29 Ottobre 2019
La Suprema Corte di Cassazione con la recente sentenza n. 22928 del 13 settembre 2019, affronta la delicata questione relativa alla possibilità di computare o meno nel periodo di comporto il congedo straordinario ex art. 42 comma 5 e ss. del d.lgs 151/2001, nel caso in cui venga autorizzato dall’INPS senza che il datore di lavoro ne avesse avuto conoscenza.
Il caso sottoposto all’esame dei Giudici di legittimità riguardava un dipendente licenziato per aver superato il periodo di comporto, il quale in primo grado era riuscito ad ottenere la declaratoria di illegittimità del licenziamento e la conseguente reintegra, fondando la propria linea difensiva sulla circostanza che l’azienda datrice di lavoro aveva errato nel conteggiare i giorni del periodo di comporto perché non aveva provveduto a scomputare dagli stessi quelli goduti a titolo di congedo straordinario per assistere un familiare disabile, avendo ottenuto l’autorizzazione alla fruizione del beneficio da parte dell’Ente previdenziale senza che avesse però comunicato (durante il periodo di malattia) l’istanza anche al datore di lavoro.
La Corte di Cassazione è stata chiamata a verificare la correttezza della decisione di secondo grado che, in riforma della suddetta sentenza favorevole al lavoratore, aveva ritenuto che dal periodo di comporto non potesse scomputarsi quello del congedo straordinario richiesto, ai sensi del d.lgs. n. 151 del 2001, al fine di assistere un familiare portatore di grave disabilità, tenuto conto che tale congedo, sebbene autorizzato dall’I.N.P.S., non era stato portato a conoscenza del datore di lavoro.

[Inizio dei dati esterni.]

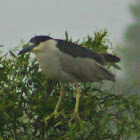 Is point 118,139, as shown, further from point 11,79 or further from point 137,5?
point 137,5

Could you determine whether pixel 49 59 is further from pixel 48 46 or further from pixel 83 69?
pixel 83 69

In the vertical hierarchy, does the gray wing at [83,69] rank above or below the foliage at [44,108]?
above

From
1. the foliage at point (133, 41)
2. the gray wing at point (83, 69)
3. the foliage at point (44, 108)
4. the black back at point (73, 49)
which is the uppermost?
the foliage at point (133, 41)

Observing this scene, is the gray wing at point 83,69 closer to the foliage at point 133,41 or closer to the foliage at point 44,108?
the foliage at point 44,108

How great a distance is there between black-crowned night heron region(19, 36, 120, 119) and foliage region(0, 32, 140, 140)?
90mm

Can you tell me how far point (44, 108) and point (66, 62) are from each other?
33 cm

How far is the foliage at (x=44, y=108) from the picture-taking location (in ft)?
8.46

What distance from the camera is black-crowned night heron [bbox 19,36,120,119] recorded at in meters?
2.54

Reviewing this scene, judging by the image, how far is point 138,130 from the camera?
2.68m

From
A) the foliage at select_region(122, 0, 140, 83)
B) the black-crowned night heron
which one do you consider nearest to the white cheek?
the black-crowned night heron

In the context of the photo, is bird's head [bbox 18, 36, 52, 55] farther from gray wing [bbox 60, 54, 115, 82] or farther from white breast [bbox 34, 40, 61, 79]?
gray wing [bbox 60, 54, 115, 82]

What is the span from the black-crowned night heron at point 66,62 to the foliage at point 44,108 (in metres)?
0.09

Gli Ermellini, ritenendo infondati i motivi del ricorso di legittimità, hanno chiarito che il lavoratore ha l’obbligo di presentare la richiesta di congedo straordinario al proprio datore di lavoro, atteso che tale tipo di congedo rientra nell’ampia categoria dei congedi “per eventi e cause particolari” (disciplinati dalla l. n. 53 del 2000 e al D.M. n. 278 del 2000) che impongono una sorta di contraddittorio con il datore di lavoro, il quale a determinate stringenti condizioni potrebbe negare (anche parzialmente) la concessione del permesso o chiederne un rinvio ad altro periodo.
Inoltre, i Giudici di Piazza Cavour hanno ritenuto che il datore di lavoro dovesse quantomeno essere messo al corrente della richiesta di fruizione del permesso straordinario, atteso che durante il godimento dello stesso, ai sensi di quanto previsto dall’art. 42, comma 5- ter, del d.lgs 151/ 2001 “il richiedente ha diritto a percepire un’indennità corrispondente all’ultima retribuzione, con riferimento alle voci fisse e continuative del trattamento”, che, pertanto, è solo il datore di lavoro – messo evidentemente a conoscenza della richiesta – a poterla determinare corrispondendola nelle modalità previste dalla citata norma.
Anche in ragione di quanto sopra, la Suprema Corte ha ritenuto che l’istanza di congedo straordinario “non solo deve essere trasmessa all’I.N.P.S. per le verifiche di competenza e in quanto soggetto che subisce l’onere finanziario del congedo, ma anche al datore di lavoro, per l’adozione delle misure organizzative che la richiesta dovesse rendere necessarie e comunque per il compimento, anche nell’interesse del dipendente, delle attività di cui alle disposizioni richiamate”.
In considerazione delle suddette considerazioni i Giudici di Piazza Cavour, prendendo atto che il lavoratore aveva giustificato con certificati di malattia la propria lunga assenza dal posto di lavoro, ha ritenuto che un eventuale mutamento del titolo dell’assenza (fondata appunto sulla fruizione del congedo straordinario) avrebbe dovuto essere tempestivamente comunicata al datore di lavoro, al fine di sospendere il decorso del periodo di comporto, richiamando al riguardo il proprio orientamento espresso in un altro giudizio, sovrapponibile a quello di specie (Cass. n. 8834/2017), riguardante il mutamento del titolo dell’assenza da malattia a ferie.